Göran Englund, Richard Bindler, Fredrik Olajos, Rolf Zale, Folmer Bokma, Pia Bartels, Erik Myrstener, Gunnar Öhlund, Xiao-Ru Wang, Johan Rydberg
Detection of DNA in lake sediments holds promise as a tool to study processes like extinction, colonization, adaptation and evolutionary divergence. However, low concentrations make sediment DNA difficult to detect, leading to high false negative rates. Additionally, contamination could potentially lead to high false positive rates. Careful laboratory procedures can reduce false positive and negative rates, but should not be assumed to completely eliminate them. Therefore, methods are needed that identify potential false positive and negative results, and use this information to judge the plausibility of different interpretations of DNA data from natural archives.
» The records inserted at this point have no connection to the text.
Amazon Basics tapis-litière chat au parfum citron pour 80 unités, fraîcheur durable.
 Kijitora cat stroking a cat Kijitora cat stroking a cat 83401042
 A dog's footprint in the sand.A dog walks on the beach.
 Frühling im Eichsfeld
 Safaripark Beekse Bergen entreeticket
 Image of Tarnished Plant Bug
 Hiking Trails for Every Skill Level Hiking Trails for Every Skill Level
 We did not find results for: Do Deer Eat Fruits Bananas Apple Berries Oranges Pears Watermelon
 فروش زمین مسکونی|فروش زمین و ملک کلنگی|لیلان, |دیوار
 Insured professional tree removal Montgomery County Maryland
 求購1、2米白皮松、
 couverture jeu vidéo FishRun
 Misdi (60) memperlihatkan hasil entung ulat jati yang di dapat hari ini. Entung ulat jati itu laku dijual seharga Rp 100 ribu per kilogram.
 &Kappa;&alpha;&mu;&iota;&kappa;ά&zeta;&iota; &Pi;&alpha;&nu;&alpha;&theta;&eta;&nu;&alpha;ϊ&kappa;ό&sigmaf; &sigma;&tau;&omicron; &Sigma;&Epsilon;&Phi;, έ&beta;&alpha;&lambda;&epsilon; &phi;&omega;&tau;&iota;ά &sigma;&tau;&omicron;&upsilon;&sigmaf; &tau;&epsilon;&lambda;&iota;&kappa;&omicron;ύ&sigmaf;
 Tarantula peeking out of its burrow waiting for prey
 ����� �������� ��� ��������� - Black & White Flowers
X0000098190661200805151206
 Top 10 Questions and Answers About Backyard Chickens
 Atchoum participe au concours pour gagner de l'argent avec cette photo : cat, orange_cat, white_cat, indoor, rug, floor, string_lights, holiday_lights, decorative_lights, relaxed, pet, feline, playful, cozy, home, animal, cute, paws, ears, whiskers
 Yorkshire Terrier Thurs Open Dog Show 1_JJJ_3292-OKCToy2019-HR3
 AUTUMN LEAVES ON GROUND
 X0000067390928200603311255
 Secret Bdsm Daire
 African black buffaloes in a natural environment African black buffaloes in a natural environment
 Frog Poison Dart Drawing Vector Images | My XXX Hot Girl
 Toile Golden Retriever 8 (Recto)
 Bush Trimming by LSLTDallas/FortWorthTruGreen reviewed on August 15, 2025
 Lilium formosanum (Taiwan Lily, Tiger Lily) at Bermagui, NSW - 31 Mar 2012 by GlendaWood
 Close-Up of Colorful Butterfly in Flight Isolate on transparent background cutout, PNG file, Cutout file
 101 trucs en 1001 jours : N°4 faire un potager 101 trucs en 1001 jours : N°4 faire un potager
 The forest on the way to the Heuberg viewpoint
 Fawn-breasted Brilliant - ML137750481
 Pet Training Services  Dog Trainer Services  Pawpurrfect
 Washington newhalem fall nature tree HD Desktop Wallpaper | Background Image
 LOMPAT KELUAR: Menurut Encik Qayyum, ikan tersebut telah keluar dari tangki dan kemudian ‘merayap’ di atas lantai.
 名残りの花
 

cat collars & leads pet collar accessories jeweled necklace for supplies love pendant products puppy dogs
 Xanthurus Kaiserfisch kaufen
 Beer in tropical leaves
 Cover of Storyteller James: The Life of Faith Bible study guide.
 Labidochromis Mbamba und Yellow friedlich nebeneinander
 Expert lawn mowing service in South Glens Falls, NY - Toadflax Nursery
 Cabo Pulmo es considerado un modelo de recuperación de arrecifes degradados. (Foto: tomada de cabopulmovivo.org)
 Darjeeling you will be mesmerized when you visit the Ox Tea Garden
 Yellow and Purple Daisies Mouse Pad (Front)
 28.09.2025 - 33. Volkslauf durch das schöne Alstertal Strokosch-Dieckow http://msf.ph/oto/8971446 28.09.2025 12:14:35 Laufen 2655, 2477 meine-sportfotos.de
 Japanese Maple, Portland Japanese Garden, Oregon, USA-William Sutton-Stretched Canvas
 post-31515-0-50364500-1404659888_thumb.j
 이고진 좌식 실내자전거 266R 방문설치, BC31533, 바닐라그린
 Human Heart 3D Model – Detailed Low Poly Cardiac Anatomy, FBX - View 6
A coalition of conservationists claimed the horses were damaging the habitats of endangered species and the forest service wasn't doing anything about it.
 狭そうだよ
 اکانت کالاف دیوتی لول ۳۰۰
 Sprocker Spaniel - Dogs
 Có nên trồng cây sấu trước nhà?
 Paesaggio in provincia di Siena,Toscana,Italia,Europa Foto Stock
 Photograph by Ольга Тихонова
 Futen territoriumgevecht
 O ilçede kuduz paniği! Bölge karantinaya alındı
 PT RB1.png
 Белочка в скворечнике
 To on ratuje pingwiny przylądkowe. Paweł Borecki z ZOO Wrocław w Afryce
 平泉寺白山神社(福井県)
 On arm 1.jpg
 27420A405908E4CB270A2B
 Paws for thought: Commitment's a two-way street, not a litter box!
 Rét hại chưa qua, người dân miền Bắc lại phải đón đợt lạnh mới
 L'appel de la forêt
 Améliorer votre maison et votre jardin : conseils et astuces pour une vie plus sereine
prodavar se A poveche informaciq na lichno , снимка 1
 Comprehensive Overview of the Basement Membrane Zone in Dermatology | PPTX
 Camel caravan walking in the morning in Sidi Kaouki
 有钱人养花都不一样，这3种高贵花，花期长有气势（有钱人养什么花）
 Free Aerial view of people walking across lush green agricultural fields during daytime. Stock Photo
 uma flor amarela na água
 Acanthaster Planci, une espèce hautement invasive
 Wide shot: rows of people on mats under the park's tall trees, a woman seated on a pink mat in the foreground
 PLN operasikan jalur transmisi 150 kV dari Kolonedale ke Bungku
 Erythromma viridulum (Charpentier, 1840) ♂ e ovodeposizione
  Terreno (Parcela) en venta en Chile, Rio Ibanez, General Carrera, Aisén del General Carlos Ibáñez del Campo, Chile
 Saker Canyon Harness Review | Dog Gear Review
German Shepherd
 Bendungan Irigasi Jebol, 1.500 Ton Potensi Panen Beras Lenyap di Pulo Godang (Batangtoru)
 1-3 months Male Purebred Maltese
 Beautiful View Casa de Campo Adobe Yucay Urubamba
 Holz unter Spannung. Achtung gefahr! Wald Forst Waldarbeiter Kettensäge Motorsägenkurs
We developed a Bayesian algorithm to infer the colonization history of a species using records of DNA from lake-sediment cores, explicitly labelling some observations as false positive or false negative. We illustrate the method by analysing DNA of whitefish (Coregonus lavaretus L.) from sediment cores covering the past 10,000 years from two central Swedish lakes. We provide the algorithm as an R-script, and the data from this study as example input files.
In one lake, Stora Lögdasjön, where connectivity with the proto-Baltic Sea and the degree of whitefish ecotype differentiation suggested colonization immediately after deglaciation, DNA was indeed successfully recovered and amplified throughout the post-glacial sediment. For this lake, we found no loss of detection probability over time, but a high false negative rate. In the other lake, Hotagen, where connectivity and ecotype differentiation suggested colonization long after deglaciation, DNA was amplified only in the upper part of the sediment, and colonization was estimated at 2,200 bp based on the assumption that successful amplicons represent whitefish presence. Here the earliest amplification represents a false positive with a posterior probability of 41%, which increases the uncertainty in the estimated time of colonization.
Complementing careful laboratory procedures aimed at preventing contamination, our method estimates contamination rates from the data. By combining these results with estimates of false negative rates, our models facilitate unbiased interpretation of data from natural DNA archives.